Forfeiture Upon Departure of a Director

Any RSUs that do not vest as provided for above shall be forfeited and such RSUs shall be cancelled by the Company and neither the Non-Employee Director nor any of his or her successors, heirs, assigns, or personal representatives will thereafter have any further rights or interests in such unvested RSUs.

 

4.

TRAVEL EXPENSE REIMBURSEMENT

The Company shall reimburse each Non-Employee Director for his or her reasonable business expenses incurred in connection with the performance of his or her duties, including reasonable travel and other expenses incurred by the Non-Employee Director to attend Board and committee meetings. Each Non-Employee Director shall provide to the Company such receipts and other records related to such reimbursable expenses as the Company may require.


5.

MISCELANEOUS

Neither this Policy nor any compensation paid hereunder will confer on any Non-Employee Director the right to continue to serve as a member of the Board or in any other capacity. Any and all rights of a Non-Employee Director respecting payments under this Policy may not be assigned, transferred, pledged or encumbered in any manner, other than by will or the laws of descent and distribution, and any attempt to do so shall be void. This Policy shall be binding on the Company and its successors and assign. The obligations of the Company with respect to payments under this Policy are subject to compliance with all applicable laws and regulations. The Board may at any time amend or modify this Policy in whole or in part. Notwithstanding the foregoing, no amendment or termination of this Policy may impair the right of a Non-Employee Director to receive any amounts awarded hereunder prior to the effective date of such amendment or termination. The law of [British Columbia] shall govern all questions concerning the construction, validity and interpretation of this Policy. This Policy is intended to comply with the requirements of Section 409A of the U.S. Internal Revenue Code (the “Code”), to the extent applicable, and shall be interpreted accordingly. Notwithstanding the foregoing, the Company makes no representations or covenants that any compensation paid or awarded under this Policy will comply with Section 409A of the Code.

 

6.

APPROVAL

Approved by the Board of Directors on August 3, 2020 (the “Effective Date”).


LOGO

 

SCEHDULE 1

INTERIM AWARDS

 

Director   

Number of Days of Board

Service in 2020 for RSU

Compensation

   Number of RSUs Awarded

Mark Barnard

   365    129,924.46

Eula Adams

   365    92,441.38

Ana Dutra

   122    30,898.21

Scott Atkison

   233    59,010.52


LOGO

 

EXHIBIT A

RESTRICTED STOCK UNIT AWARD AGREEMENT

FOR NON-EMPLOYEE DIRECTORS

UNDER THE HARVEST HEALTH & RECREATION INC.

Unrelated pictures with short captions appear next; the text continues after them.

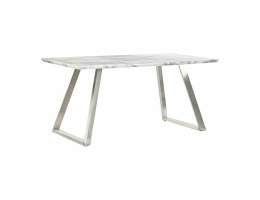 Spisebord DKD Home Decor Stål Hvid Træ MDF (160 x 90 x 76 cm)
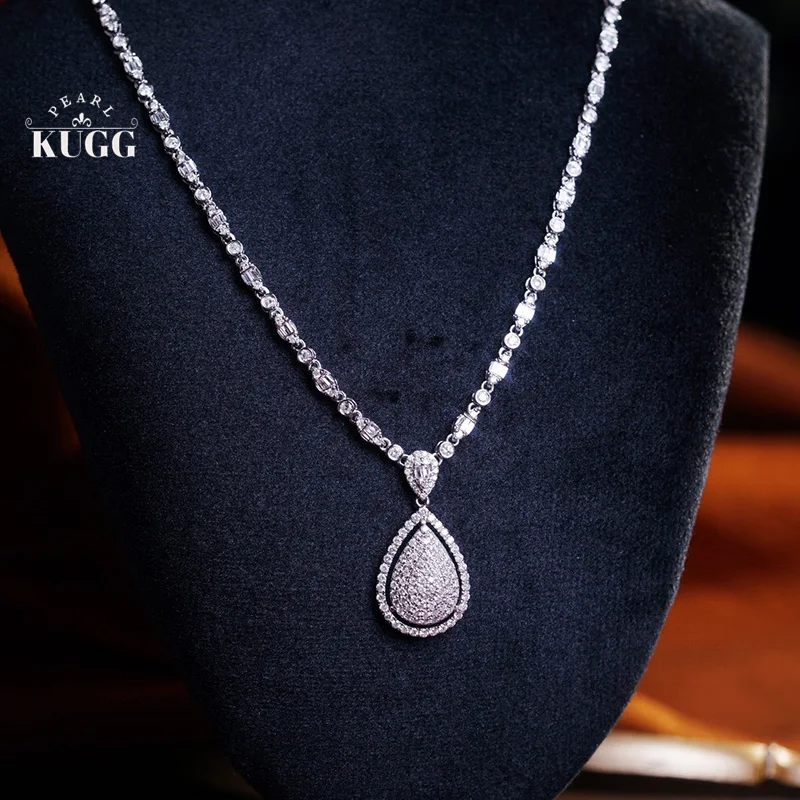 KUGG 18K White Gold Necklace Luxury 2.3carat Real Natural Diamond Necklace for Women Elegant Water Drop Shape High Party Jewelry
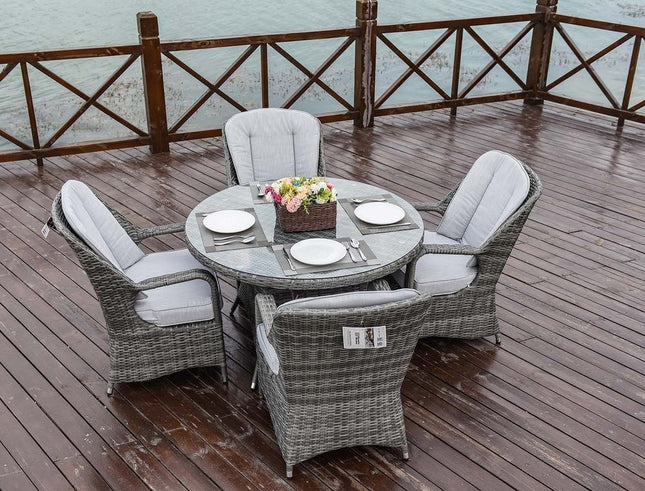 Five Piece Gray Round Glass Dining Set HomeRoots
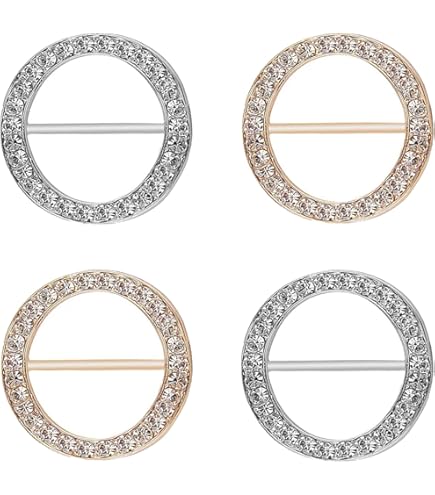 2 Fibbie Per Sciarpa Con Strass - Dorato E Argento, Per Avvolgere Sciarpe E Scialli - Foto 2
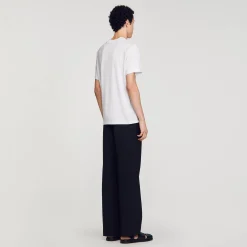 Sandro Paris Camisetas & Polos<Camiseta De Algodon Con Flor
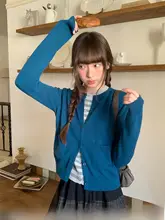 シンプルなストライプニットカーディガン【春用・スタイル・カジュアルトップス】（セットアップ対応）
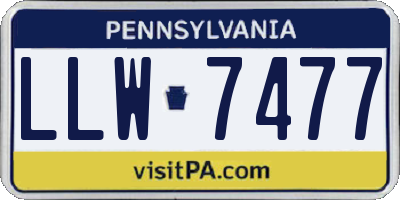 PA license plate LLW7477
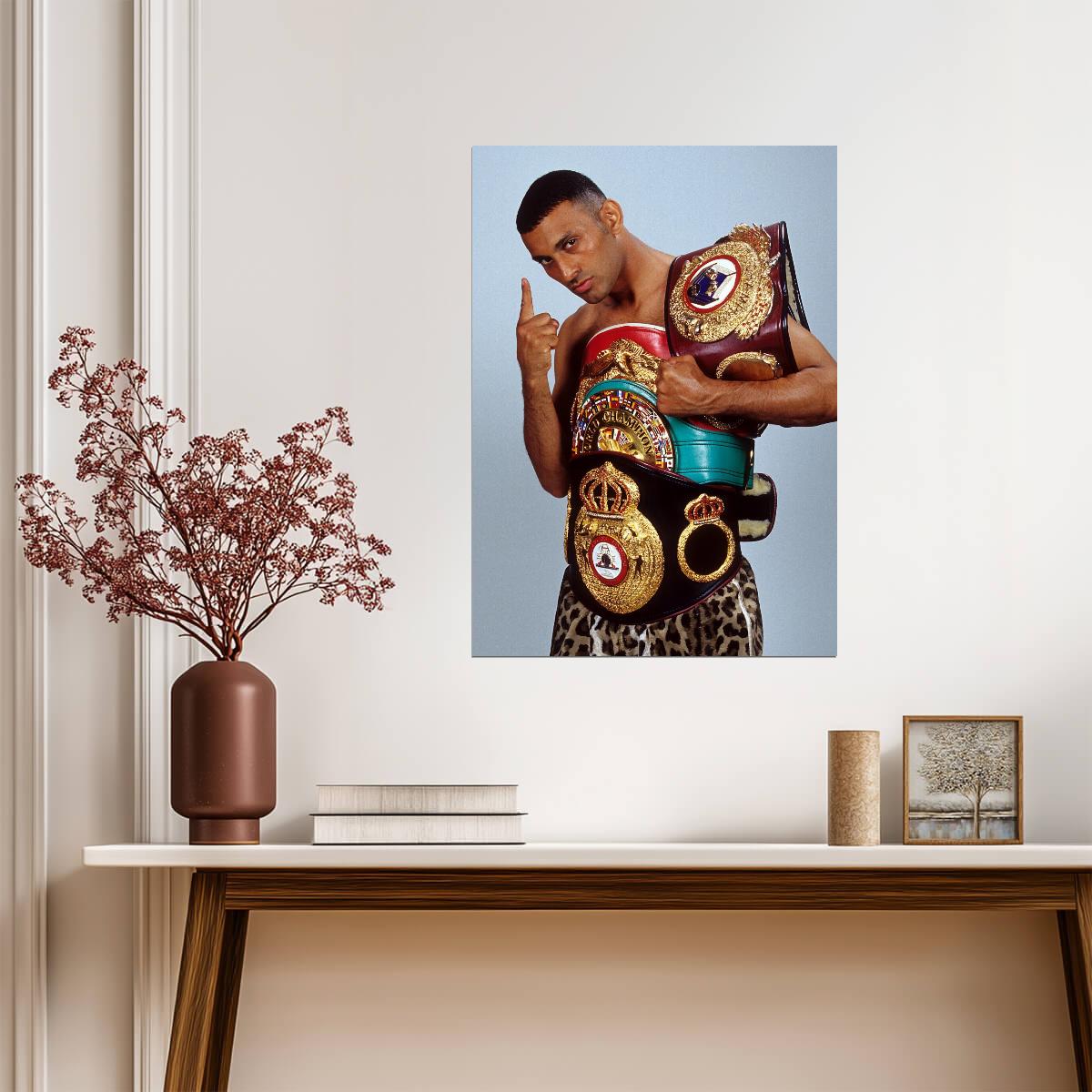 Prince Naseem Hamed with Belts | Leopard Shorts Poster | Boxing Legend Art - Sports Poster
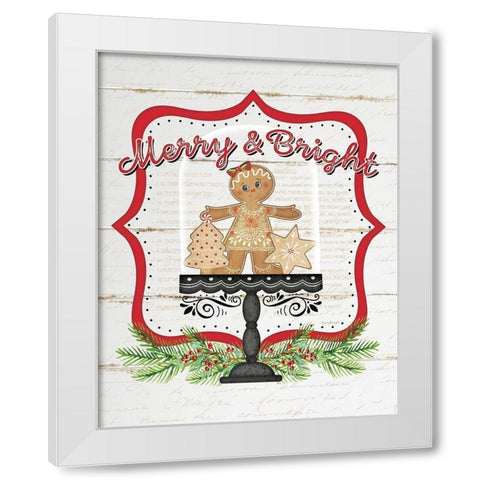 Merry and Bright White Modern Wood Framed Art Print by Pugh, Jennifer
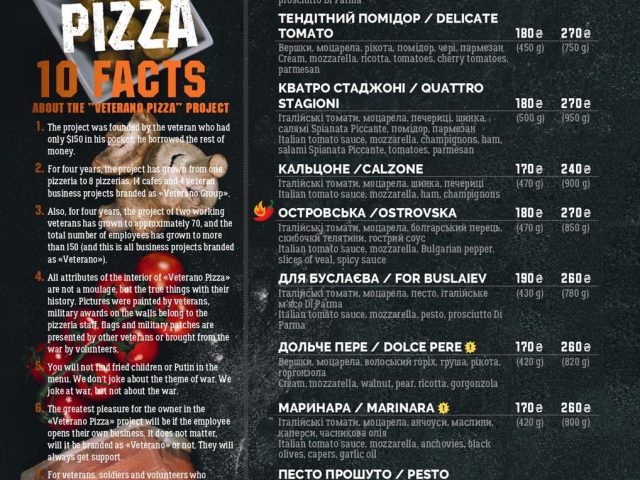 Ресторан Veterano Pizza | ул. Софиевская, 8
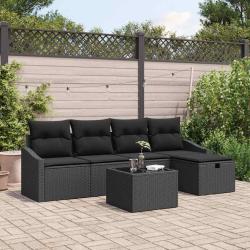 Ensemble de Canap&eacute;s avec coussin 6 pcs Noir polyrotin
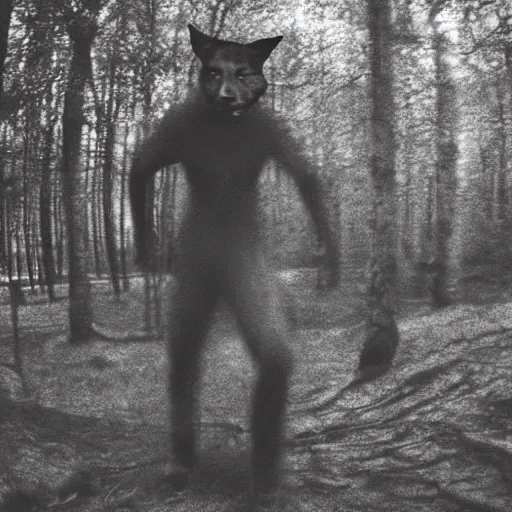 Image similar to bad quality blurry nightfootage nightcam black and white trailcam footage of native weird distorted human bodySkinwalker transforming into a coyote, low resolution, compressed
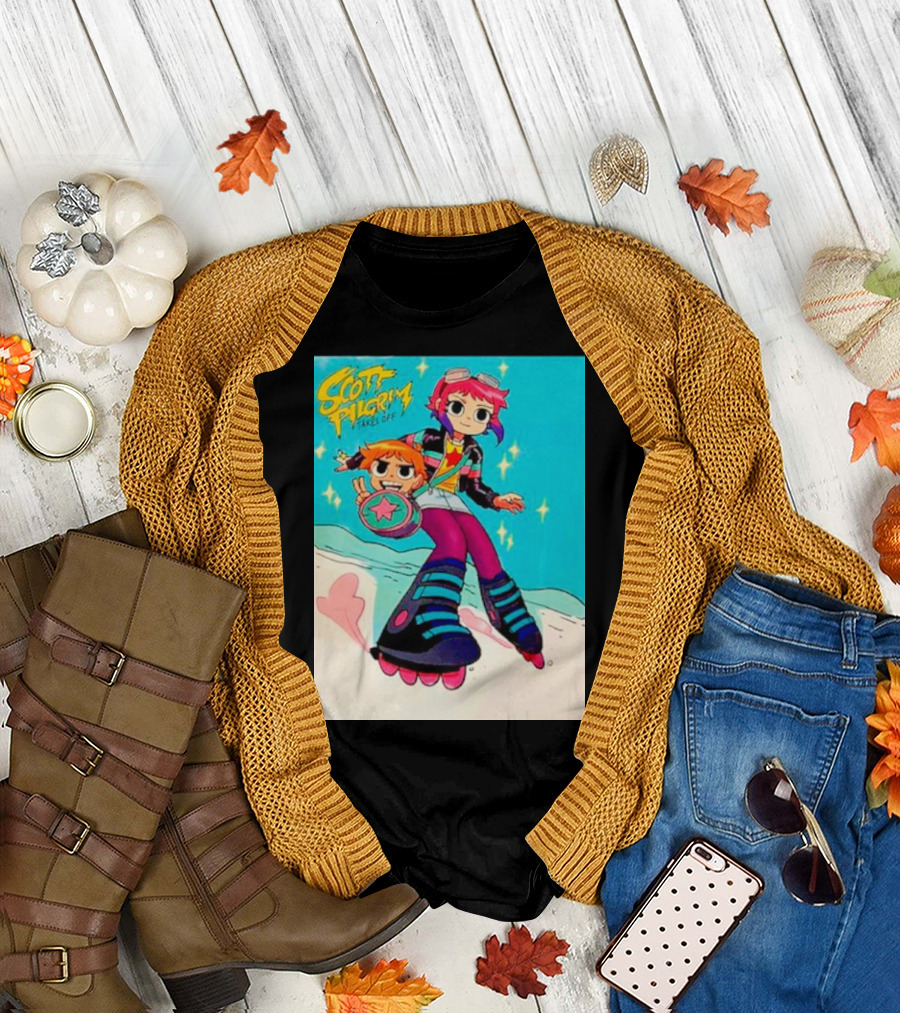 Scott Pilgrim Takes Off Roller Skating Adventure with Animated Style Characters T-Shirt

2018 STOCK AND INCENTIVE PLAN

(attached)


RESTRICTED STOCK UNIT AWARD AGREEMENT

FOR NON-EMPLOYEE DIRECTORS

UNDER THE HARVEST HEALTH & RECREATION INC.

2018 STOCK AND INCENTIVE PLAN

 

Name of Grantee:
No. of Restricted Stock Units:
Grant Date:

Pursuant to the Harvest Health & Recreation Inc. 2018 Stock and Incentive Plan as amended through the date hereof (the “Plan”), Harvest Health & Recreation Inc., a British Columbia corporation (the “Company”), hereby grants an award of the number of Restricted Stock Units listed above (an “Award”) to the Grantee named above. Each Restricted Stock Unit shall entitle the Grantee to one subordinate voting share of the Company as contemplated under the Plan (“Subordinate Voting Share”) subject to the restrictions and conditions set forth herein and in the Plan.

1. Restrictions on Transfer of Award. This Award may not be sold, transferred, pledged, assigned or otherwise encumbered or disposed of by the Grantee, and any shares issuable with respect to the Award may not be sold, transferred, pledged, assigned or otherwise encumbered or disposed of until (i) the Restricted Stock Units have vested as provided in Section 2 of this Agreement and (ii) shares have been issued to the Grantee in accordance with the terms of the Plan and this Agreement.

2. Vesting of Restricted Stock Units. 100% of the Award shall vest on December 31, 20[•] (the “Vesting Date”), so long as the Grantee is, as of such date, providing Services. The restrictions and conditions of Section 1 of this Agreement shall lapse on the Vesting Date, subject to the requirements set forth in Section 3(a).

3. Failure to be Nominated; Death or Disability.

(a) If the Grantee is not providing any of the Services as a result of the Grantee’s Non-Voluntary Termination, a portion of the Award will vest equal to the amount of the Award multiplied by a fraction the numerator of which is the number of completed days elapsed after the Grant Date to the date of Non-Voluntary Termination, and the denominator of which is •1.

(b) Any Award that does not vest as provided for above shall be forfeited and such Award shall be cancelled by the Company and neither the Grantee nor any of his or her successors, heirs, assigns, or personal representatives will thereafter have any further rights or interests in such unvested Award.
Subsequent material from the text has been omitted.